Artists promoting peace through murals

An example of murals being locally specific to the problems in an area is a mural project discussion called “Promoting Peace” by The Arts Empowerment Movement in 2016. The project goal was to address concerns in the community between the youth and police officers so the project members were with “at-risk” children and members of the Charlotte-Mecklenburg Police Department.  The purpose was for the police officers and youth to come together for healing and to rebuild trust. They learned that they all shared the same feelings about the sadness in their community. The founder of The Arts Empowerment Project, Natalie Frazier Allen, stated, “Rebuilding of trust, promoting peace and justice and finding healing in the community can be very complex and very challenging.

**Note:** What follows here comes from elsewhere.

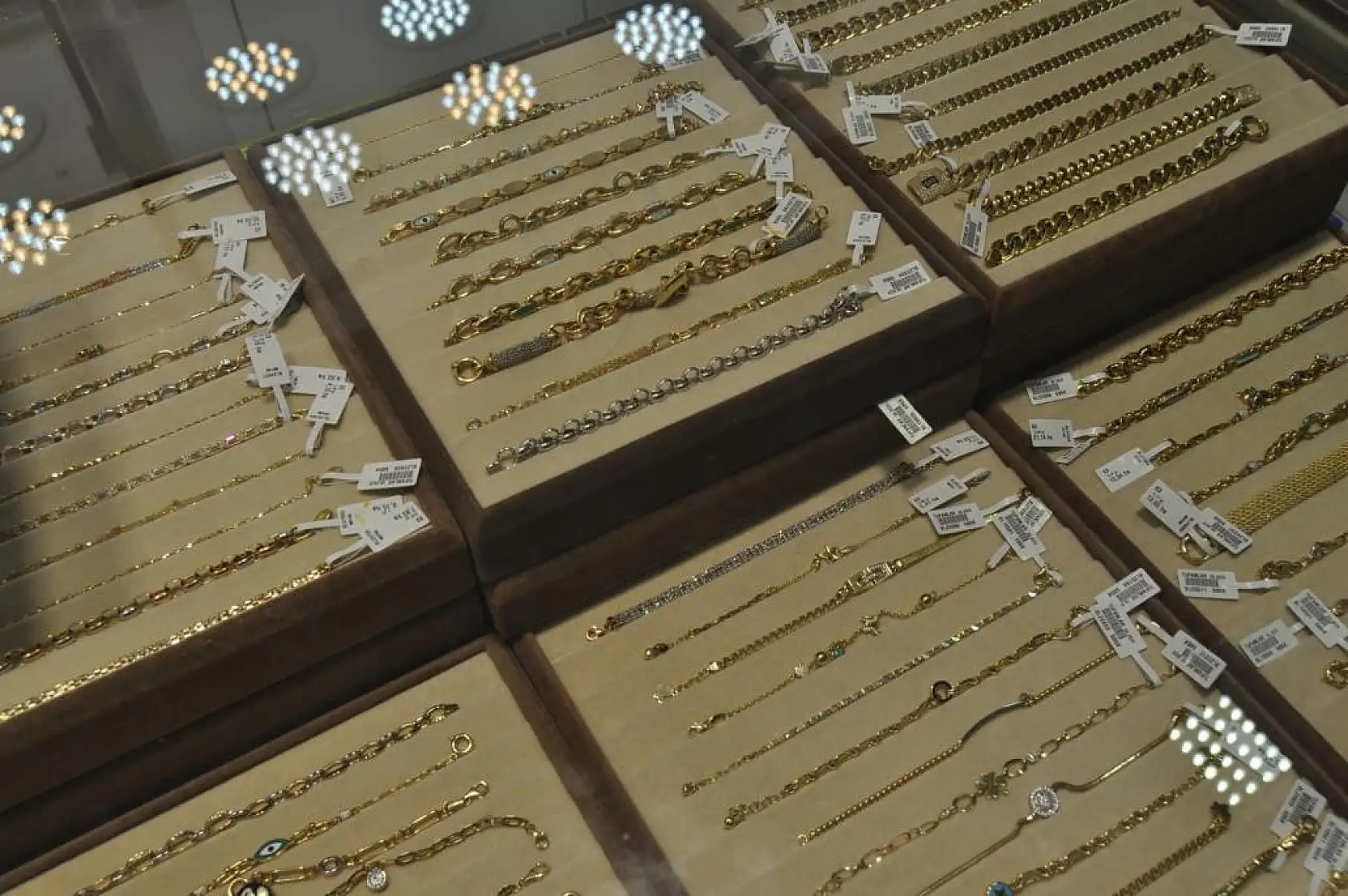 Aydın, 'Bankaların faiz politikası vatandaşı bankaya yönlendirdi'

However, through the universal language of art, officers and students are better able to express their feelings and be heard and understood” (Tyron street news racks to display the arts empowerment project’s “promoting peace” mural , 2017, para 6).

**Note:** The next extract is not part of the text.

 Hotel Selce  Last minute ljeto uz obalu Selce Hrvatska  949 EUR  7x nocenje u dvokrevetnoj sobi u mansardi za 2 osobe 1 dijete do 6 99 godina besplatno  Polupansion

Reflection and Inspiration

I found it very informative to learn more about Picasso through researching his mural painting and the symbolism used from colors to images that depict the horrors suffered. It is amazing how a work of art could help end a war and that it continues to inspire people to this day that create their own peace murals to promote peace. Through art, such as peace murals created around the world, change really does happen. We continue to see it through the continued peace mural project exchanges with Kids’ Guernica on a global scale and through organizations such as The Arts Empowerment Project to address local issues within communities. I look forward to working with my students to promote peace and create our own peace mural that we can share locally. My idea is that in the future I can have each student create their own sections of a mural on canvas like the first mural project was done in Tallahassee, FL that we would then sew together to measure the same as Picasso's Guernica mural size. Thinking locally, a recent shooting took place where I live at a local yoga studio. It really shook up our community and it has been weighing heavily on my mind. After researching more about peace murals, I would love to gather students together to create a mural for the owners of the studio to help bring a sense of peace and healing to our community.